First the basics: Mars atmosphere is mainly carbon dioxide and has an average temperature of -47°C and an average pressure of 0.004 to 0.0087 bar. The speed of sound in these conditions is 238.2 m/s, the dynamic viscosity $\nu$ is 1.14$\cdot 10^{-5}$, and for my calculations I use an atmospheric density of 0.0234 kg/m³.

Now I owe all you early upvoters an apology. The earlier answer used an unsuitable methodology; now I have improved the answer with different results.

Operating Point

Next step: The electric power supply makes a propeller the right choice, and for propeller aircraft the minimum power to sustain flight can be achieved when the lift coefficient is $$c_L = \sqrt{3\cdot c_{D0}\cdot\pi\cdot\Lambda\cdot\epsilon}$$ This makes your zero-lift drag the real sizing parameter: Make the aircraft a little more draggy, and you get punished with a big size increase. Therefore, we strive to keep the zero-lift drag coefficient $c_{D0}$ down to 0.008 in order to keep the aircraft small.

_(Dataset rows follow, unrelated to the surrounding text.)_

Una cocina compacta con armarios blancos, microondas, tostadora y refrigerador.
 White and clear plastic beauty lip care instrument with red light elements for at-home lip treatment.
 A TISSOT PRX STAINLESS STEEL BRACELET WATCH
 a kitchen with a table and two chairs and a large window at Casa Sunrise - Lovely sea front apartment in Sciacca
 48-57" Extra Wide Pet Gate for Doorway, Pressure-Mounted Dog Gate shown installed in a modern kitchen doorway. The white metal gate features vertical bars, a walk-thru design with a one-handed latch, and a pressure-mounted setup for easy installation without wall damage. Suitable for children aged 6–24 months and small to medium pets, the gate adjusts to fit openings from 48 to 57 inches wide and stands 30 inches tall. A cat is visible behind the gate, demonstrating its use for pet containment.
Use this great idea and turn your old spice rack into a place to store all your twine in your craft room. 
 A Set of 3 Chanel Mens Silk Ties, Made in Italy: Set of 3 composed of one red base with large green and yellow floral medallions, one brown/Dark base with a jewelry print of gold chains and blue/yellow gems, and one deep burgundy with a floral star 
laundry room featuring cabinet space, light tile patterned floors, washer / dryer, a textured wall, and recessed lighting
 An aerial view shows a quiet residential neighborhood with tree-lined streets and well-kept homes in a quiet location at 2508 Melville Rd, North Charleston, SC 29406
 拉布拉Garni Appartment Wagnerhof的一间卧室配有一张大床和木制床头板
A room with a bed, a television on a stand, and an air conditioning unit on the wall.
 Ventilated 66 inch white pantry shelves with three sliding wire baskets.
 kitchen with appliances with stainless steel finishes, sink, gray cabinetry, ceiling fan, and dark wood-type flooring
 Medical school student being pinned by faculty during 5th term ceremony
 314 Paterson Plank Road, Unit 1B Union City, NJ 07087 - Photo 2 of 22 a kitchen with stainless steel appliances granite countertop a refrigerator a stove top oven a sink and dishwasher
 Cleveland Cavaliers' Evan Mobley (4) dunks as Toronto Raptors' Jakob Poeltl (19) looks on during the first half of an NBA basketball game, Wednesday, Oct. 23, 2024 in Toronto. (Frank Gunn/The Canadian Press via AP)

This allows to get an idea which aspect ratio will be best: At minimum power the total drag is four times the zero-lift drag, and the lift coefficient should be as high as possible to keep the aircraft's size small. Realistically, our flight $c_l$ will not grow above 1.6 (which is the best that low-speed airfoils can manage at a reasonable L/D), so the aspect ratio is $$\Lambda = \frac{c_l^2}{3\cdot c_{D0}\cdot\pi\cdot\epsilon}$$ which yields an aspect ratio of 35.74 when $\epsilon$ is 0.95.

Available Power

Now we can follow the procedure in this answer to calculate power demands for your solar-electric propulsion. Solar radiation on Mars is a lot lower than on Earth, but very reliable as there are no clouds to obstruct the sun. Beware of dust storms, however!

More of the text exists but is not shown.